BM’nin bu tür faaliyetiyle çatışmaların durmadığı yıllar boyunca yaşanan tecrübelerle sabit. Belki de BM’nin “dur” demesiyle durumun hemen düzeleceğini ümit etmek hata... BM, yeryüzündeki 200’e yakın ülkenin bir sıraya geldiği bir topluluk. “Devletler üstü” bir yapısı yok. İhtilaflarda, savaşlarda hakem veya müdahil rolünü oynamaya muktedir (hatta yetkili) değil. Kaldı ki Güvenlik Konseyi’ndeki veto uygulaması, çoğu zaman ortak bir kararın alınmasına bile imkân vermiyor...
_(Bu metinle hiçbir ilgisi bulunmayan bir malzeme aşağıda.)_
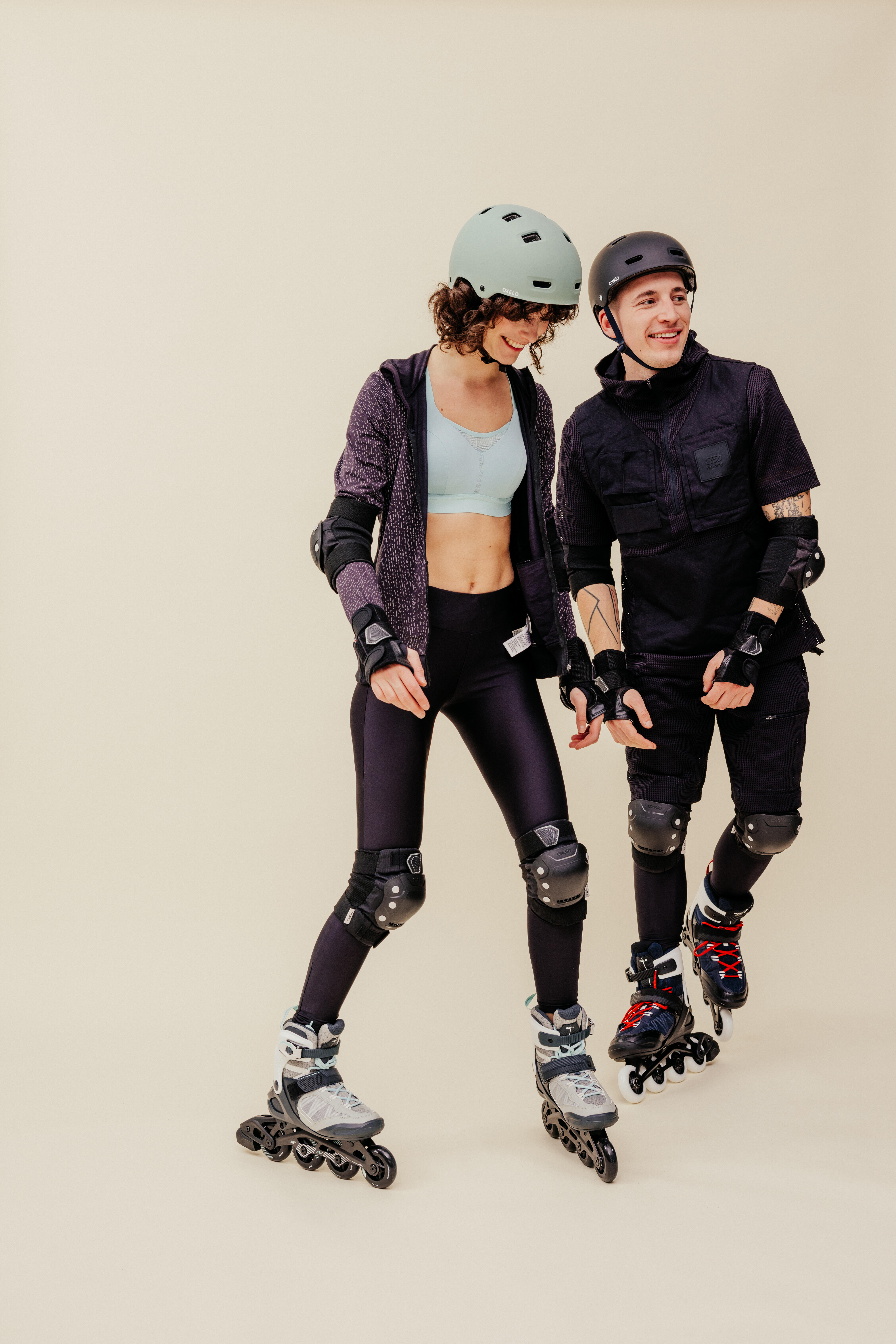 Patins à roues alignées - Fit 500 gris - OXELO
Aynı şey Arap Birliği ve İslam İşbirliği Teşkilatı gibi örgütler için söylenebilir. Ne yazık ki onlar kendi içlerinde dahi uyum içinde değiller. Gazze’ye coğrafya olarak en yakın olan ülkeler bile ya ilgisiz ya da kendi dertlerinde.
Gözler ABD’de
Garip görünebilir ama, bu gibi durumlarda gözler hep ABD’ye çevriliyor. Netanyahu’ya söz geçirebilecek tek bir Obama var! Şimdi o devrede. İsrail’i kara harekâtından vazgeçirmeye ve bir ateşkes sağlamaya uğraşıyor.
Hamas’ı ateşkes’e kim razı edecek? Hamas’ı tanımayan ABD, anlaşılan Türkiye’yi, Mısır’ı ve Katar’ı devreye sokmak istiyor.
Evet, diplomasi çarkı dönmeye başladı; ama bunun sonuç vermesi bugünden yarına olacak iş değil, vakit o alacak.
Sonunda ateşkes sağlanacak. Ama ne kadar kan ve gözyaşı pahasına? Ve o da ne kadar sürecek?